The authors also cite prior literature that demonstrates the valuable role current events and news can play across disciplines in helping students deepen and apply their understanding of core disciplinary material.

As educators, we have an opportunity and a responsibility to equip our students to navigate an ever more complex information landscape that will shape every facet of their lives in ways both obvious and nuanced. Integrating connections to journalism and current events into your course can be done in small, simple ways to great effect. Far from taking away from student learning of ‘core’ curriculum, it can enhance it. What’s more, you don’t have to do it alone! Drop me a line to start a conversation about how the library can support you in this work. We are your committed collaborators and co-conspirators.

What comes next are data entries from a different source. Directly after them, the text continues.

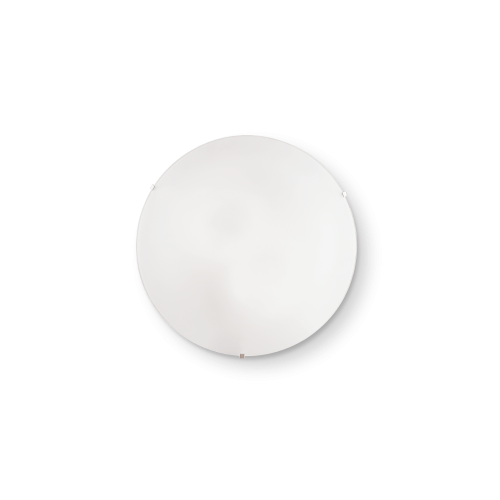 Plafon SIMPLY PL2 biały 007977 Ideal lux
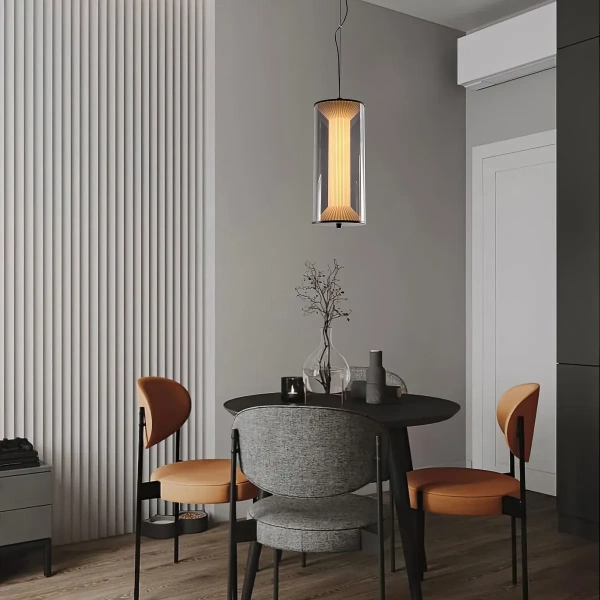 Lampa wisząca Aeris dymiona LED 16W CCT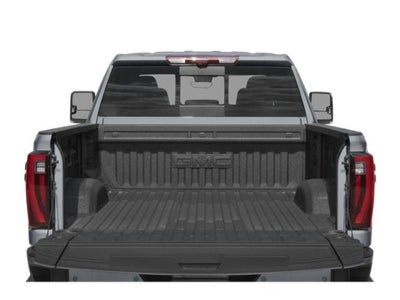 2026 GMC Sierra 2500 HD Crew Cab, Standard Bed, Denali, 4WD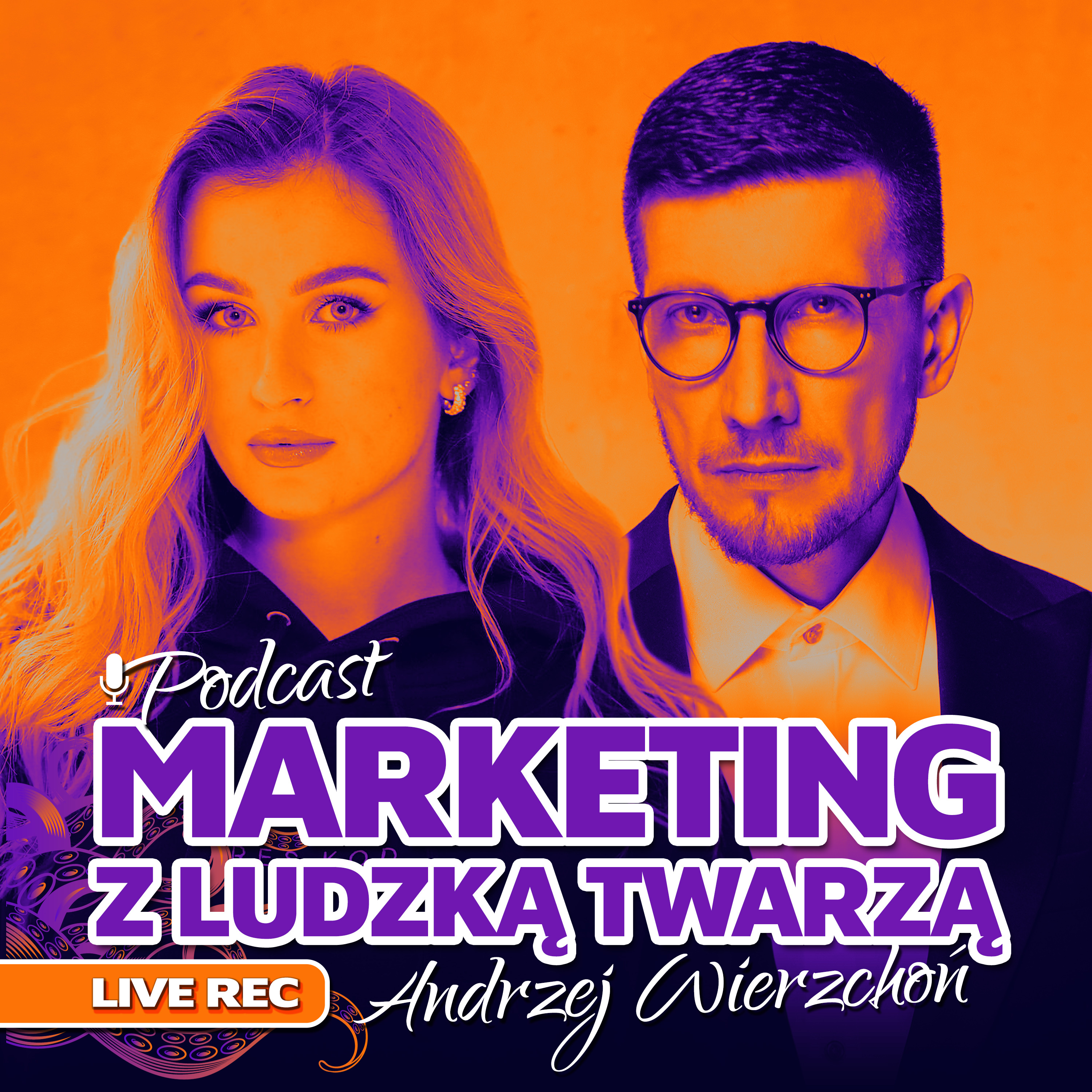 MARKETING Z LUDZKĄ TWARZĄ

One Response to “The news is all biased. None of it can be trusted.”

  1. Janet Lively November 24, 2020 at 10:43 AM #

    Well said, Nicco! Honestly, I think teachers are partly to blame. There was a big emphasis on media bias a few years back. Students were taught to look for media bias without being taught the fundamental characteristics of journalism and other types of media. For example, a lot of students (and teachers) underestimate commercial bias and overestimate political bias because they don’t understand media as a commercial enterprise.

    I am trying to focus on teaching students to identify the rhetorical situation of a text — particularly audience, purpose, and genre. Once they know what a text is or is presenting itself as, then they can better figure out whether it is credible and useful.